Кроме выкапывания юки и посадки кофейных деревьев, приходилось рубить тростник. Дело это, надо заметить, без определенной сноровки изнурительное и опасное. Я с большим энтузиазмом в первый раз схватился за мачете, но уже через полчаса работы еле удерживал его в руке. Тростник грузили на специальные прицепы и с помощью советского трактора марки «Беларусь» отвозили на перерабатывающий завод, где из него выжимали сок. Однажды тракторист куда-то запропастился. Два прицепа битком, а везти некому. Что делать? Кто-то вспомнил, что в бригаде есть один soviético, то есть я. Трактор мне водить до этого не приходилось, но я довольно быстро освоил эту премудрость и возил прицепы с тростником на завод до тех пор, пока не появился профессиональный тракторист.
Словом, бывало всякое. Но тот энтузиазм, с которым артисты работали вне репетиционного зала, передавался и мне.

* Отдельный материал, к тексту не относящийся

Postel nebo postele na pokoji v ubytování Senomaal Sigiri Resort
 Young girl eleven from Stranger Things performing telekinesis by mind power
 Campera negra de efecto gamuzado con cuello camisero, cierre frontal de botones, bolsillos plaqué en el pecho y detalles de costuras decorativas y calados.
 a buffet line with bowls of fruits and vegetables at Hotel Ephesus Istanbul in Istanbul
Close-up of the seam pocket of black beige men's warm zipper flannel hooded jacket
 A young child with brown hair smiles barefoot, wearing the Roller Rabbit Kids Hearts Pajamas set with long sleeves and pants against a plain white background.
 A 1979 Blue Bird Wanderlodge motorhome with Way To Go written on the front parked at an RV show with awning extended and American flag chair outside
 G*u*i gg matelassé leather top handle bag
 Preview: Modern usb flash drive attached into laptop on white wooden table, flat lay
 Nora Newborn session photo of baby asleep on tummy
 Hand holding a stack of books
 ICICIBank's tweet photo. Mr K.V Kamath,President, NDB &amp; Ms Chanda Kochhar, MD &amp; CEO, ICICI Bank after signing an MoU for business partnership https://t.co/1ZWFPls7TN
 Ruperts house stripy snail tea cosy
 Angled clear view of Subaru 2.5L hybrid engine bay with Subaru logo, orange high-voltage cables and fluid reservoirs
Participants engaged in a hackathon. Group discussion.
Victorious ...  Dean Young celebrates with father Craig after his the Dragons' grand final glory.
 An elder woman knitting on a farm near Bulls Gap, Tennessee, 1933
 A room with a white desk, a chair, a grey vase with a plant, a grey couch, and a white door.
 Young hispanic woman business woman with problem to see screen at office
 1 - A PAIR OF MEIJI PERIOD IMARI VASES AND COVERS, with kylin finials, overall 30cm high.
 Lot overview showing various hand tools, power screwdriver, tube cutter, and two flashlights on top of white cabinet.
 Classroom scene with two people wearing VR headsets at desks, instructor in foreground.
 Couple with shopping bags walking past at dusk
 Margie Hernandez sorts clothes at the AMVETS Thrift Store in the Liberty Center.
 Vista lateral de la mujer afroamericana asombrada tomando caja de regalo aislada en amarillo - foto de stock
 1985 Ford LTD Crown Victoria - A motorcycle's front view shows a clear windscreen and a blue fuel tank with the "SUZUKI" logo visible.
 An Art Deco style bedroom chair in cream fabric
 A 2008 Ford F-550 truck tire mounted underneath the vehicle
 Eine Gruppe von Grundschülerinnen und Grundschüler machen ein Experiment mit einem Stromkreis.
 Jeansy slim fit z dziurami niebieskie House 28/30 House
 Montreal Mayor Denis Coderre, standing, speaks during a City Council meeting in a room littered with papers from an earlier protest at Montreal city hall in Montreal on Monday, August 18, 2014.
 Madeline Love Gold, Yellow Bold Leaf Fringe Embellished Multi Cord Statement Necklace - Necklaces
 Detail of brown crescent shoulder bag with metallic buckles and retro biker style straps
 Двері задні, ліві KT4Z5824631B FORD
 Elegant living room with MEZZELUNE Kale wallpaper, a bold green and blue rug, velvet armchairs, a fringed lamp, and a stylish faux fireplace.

С самых первых дней на Кубе мне пришлось учиться терпимости, без которой, например, невозможно воспринимать патологическое отсутствие пунктуальности у местного населения. Например, если встреча назначена на 15:00, человек мог явиться на час позже и даже не извиниться за опоздание. На Кубе это никого не раздражает. Там никогда не войдет в обиход поговорка «не откладывай на завтра то, что можно сделать сегодня», поскольку любимое слово всех кубинцев — «mañana», то есть «завтра». Практически на любую просьбу вы услышите в ответ традиционное «mañana». Прошло некоторое время, прежде чем я научился воспринимать кубинцев такими, какие они есть. Толерантность, выработанная на Кубе, очень пригодилась мне позднее, когда я оказывался в других странах.
Я привыкал к языку, ритму недели без выходных, климату, транспорту и правилам дорожного движения, которых как будто не существовало для кубинцев. Что мне здесь пригодилось, так это знание механики, потому что машина, приобретенная мной со временем, часто глохла из-за грязного бензина или по другим причинам. Чинить ее приходилось самому.